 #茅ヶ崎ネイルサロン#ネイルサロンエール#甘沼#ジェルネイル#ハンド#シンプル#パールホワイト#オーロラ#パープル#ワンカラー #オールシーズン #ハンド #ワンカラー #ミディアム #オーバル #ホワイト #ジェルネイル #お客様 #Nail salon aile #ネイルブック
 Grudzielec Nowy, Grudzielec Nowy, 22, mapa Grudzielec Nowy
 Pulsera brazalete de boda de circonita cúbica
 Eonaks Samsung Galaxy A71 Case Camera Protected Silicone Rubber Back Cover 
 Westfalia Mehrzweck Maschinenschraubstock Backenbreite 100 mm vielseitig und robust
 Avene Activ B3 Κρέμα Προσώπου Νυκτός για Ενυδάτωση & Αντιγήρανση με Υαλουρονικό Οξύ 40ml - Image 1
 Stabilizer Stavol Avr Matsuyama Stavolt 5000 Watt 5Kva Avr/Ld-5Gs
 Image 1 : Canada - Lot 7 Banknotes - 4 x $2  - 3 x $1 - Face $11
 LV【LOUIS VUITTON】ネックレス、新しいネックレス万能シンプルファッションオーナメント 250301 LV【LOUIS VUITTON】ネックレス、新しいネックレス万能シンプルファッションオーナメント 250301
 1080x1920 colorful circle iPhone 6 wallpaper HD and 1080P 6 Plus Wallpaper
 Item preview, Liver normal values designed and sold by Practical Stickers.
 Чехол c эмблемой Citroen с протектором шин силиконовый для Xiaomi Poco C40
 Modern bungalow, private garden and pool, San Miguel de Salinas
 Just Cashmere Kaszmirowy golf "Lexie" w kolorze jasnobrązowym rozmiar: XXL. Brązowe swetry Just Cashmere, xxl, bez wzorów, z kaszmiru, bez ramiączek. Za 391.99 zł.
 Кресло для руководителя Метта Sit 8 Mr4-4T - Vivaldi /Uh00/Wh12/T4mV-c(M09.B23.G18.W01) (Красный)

■ ■ ■

Work task - Copy verbatim the span of lines that begins with the line holding "Modern bungalow, private" and ends at the last line of the records.

Your solution -
 Modern bungalow, private garden and pool, San Miguel de Salinas
 Just Cashmere Kaszmirowy golf "Lexie" w kolorze jasnobrązowym rozmiar: XXL. Brązowe swetry Just Cashmere, xxl, bez wzorów, z kaszmiru, bez ramiączek. Za 391.99 zł.
 Кресло для руководителя Метта Sit 8 Mr4-4T - Vivaldi /Uh00/Wh12/T4mV-c(M09.B23.G18.W01) (Красный)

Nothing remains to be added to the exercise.